FIELD OF THE INVENTION

The invention relates to a device for treating pieces of a substrate with a supercritical or near-critical treatment medium, which may for example comprise CO₂, N₂O, lower alkanes, such as ethane and propane, or mixtures thereof, at high pressure in a pressure chamber, piece by piece or in batches, with a mechanical action being carried out in the treatment medium.
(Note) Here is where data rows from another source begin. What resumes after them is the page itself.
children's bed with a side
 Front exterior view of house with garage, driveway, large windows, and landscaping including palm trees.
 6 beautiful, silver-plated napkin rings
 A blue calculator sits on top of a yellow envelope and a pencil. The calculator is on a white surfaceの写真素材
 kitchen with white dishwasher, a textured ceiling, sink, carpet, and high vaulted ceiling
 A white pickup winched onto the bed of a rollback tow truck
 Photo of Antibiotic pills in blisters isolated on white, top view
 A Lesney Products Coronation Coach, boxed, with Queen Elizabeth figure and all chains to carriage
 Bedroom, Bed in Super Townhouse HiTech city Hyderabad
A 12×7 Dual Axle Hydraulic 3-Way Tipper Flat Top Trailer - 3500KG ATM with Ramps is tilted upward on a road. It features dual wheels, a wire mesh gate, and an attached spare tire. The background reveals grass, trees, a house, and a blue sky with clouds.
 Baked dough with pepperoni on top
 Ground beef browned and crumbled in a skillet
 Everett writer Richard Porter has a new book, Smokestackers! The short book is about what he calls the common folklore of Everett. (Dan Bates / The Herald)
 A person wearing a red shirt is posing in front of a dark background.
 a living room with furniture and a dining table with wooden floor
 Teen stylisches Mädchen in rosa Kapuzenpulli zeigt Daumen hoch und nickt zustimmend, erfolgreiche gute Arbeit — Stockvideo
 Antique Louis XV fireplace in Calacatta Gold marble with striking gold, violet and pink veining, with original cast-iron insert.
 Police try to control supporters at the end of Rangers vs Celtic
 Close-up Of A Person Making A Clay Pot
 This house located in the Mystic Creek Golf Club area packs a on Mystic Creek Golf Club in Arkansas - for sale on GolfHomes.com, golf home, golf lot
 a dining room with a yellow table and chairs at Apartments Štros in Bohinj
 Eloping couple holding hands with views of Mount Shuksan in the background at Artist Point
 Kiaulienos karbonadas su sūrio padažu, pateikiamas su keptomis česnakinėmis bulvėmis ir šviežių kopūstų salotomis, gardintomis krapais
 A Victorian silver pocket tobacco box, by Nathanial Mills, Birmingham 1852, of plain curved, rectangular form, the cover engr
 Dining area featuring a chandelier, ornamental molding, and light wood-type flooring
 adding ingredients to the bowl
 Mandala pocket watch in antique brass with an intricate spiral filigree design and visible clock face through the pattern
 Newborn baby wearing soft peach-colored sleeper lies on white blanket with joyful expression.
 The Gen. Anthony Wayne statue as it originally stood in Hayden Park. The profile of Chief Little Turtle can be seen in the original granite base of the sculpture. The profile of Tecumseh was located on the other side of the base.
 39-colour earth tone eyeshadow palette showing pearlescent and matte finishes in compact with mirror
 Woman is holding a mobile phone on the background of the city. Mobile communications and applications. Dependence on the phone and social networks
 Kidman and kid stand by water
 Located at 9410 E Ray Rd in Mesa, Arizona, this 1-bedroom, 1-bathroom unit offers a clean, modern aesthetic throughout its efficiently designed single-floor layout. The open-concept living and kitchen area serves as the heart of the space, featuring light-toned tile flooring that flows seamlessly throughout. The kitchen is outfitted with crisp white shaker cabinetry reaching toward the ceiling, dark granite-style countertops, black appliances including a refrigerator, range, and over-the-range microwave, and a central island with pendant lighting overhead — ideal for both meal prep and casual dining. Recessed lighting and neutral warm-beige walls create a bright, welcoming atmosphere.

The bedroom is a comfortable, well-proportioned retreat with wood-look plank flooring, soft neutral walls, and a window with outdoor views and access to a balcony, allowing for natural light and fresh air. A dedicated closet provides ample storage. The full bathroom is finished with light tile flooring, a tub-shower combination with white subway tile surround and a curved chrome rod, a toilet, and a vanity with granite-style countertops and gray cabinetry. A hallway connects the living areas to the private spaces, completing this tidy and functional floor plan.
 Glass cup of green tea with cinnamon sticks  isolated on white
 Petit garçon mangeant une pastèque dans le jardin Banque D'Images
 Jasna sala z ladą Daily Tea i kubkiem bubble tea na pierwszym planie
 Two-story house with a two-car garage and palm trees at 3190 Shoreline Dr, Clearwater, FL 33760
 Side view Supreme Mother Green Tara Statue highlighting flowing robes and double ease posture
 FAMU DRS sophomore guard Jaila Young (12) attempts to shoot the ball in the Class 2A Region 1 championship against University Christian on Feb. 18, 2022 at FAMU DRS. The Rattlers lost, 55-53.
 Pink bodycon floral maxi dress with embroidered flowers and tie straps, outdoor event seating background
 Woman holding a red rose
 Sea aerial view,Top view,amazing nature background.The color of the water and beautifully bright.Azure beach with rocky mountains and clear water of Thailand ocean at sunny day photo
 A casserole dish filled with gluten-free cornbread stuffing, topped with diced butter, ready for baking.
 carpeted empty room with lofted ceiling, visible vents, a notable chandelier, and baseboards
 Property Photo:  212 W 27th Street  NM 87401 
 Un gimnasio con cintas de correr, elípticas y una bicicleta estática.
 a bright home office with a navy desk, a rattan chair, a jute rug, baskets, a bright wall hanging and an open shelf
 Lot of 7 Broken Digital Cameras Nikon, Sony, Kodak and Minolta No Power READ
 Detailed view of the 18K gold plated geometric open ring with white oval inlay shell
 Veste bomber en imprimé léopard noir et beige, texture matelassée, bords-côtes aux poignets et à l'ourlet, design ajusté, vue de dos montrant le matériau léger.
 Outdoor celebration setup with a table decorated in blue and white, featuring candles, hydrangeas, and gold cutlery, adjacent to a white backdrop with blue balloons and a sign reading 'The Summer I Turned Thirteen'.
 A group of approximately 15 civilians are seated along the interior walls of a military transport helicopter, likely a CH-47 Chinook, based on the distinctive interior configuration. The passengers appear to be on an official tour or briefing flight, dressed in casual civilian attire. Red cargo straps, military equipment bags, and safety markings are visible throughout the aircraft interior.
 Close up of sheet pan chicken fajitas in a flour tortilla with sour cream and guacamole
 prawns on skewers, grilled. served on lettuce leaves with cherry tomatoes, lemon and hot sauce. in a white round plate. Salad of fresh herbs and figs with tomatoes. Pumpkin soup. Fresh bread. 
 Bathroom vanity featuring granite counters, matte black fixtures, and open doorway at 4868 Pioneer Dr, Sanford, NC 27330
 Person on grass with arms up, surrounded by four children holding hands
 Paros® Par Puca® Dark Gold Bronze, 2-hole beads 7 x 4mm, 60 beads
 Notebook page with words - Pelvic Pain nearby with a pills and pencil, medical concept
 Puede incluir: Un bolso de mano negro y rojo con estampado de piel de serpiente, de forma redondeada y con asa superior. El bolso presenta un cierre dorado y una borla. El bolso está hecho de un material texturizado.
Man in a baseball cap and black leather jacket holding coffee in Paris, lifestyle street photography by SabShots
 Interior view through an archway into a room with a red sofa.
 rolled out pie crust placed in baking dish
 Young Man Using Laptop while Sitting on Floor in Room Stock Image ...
BACKGROUND OF THE INVENTION

The prior art has disclosed a number of variants of a device of this type, in which an electric motor is used as drive for carrying out the mechanical action. However, the said treatment media have the drawback of dissolving many polymers therein. This can give rise to problems with regard to sticking, softening and expansion or even bursting of the polymer if it comes into contact with the treatment medium. This problem becomes more serious the higher the density of the treatment medium, such as for example in liquid or supercritical phases of the treatment medium under ever higher pressures. This may give rise to considerable problems in the event of an electric motor coming into contact with treatment media of this type, for example short-circuiting as a result of the electrical insulation of the motor windings being affected, leaks caused by damage to any sealing rings, and jamming caused by fretting of plastic bearing components. Furthermore, treatment media of this nature are able to dissolve may oils and greases. This leads to removal of grease from anything which comes into contact with the treatment medium. This problem is likewise exacerbated as the density of the treatment medium rises. In the case of the electric motor, this can give rise to problems with lubricated surfaces in the bearing of the motor shaft, as well as with any bearings used in the mechanical actuator.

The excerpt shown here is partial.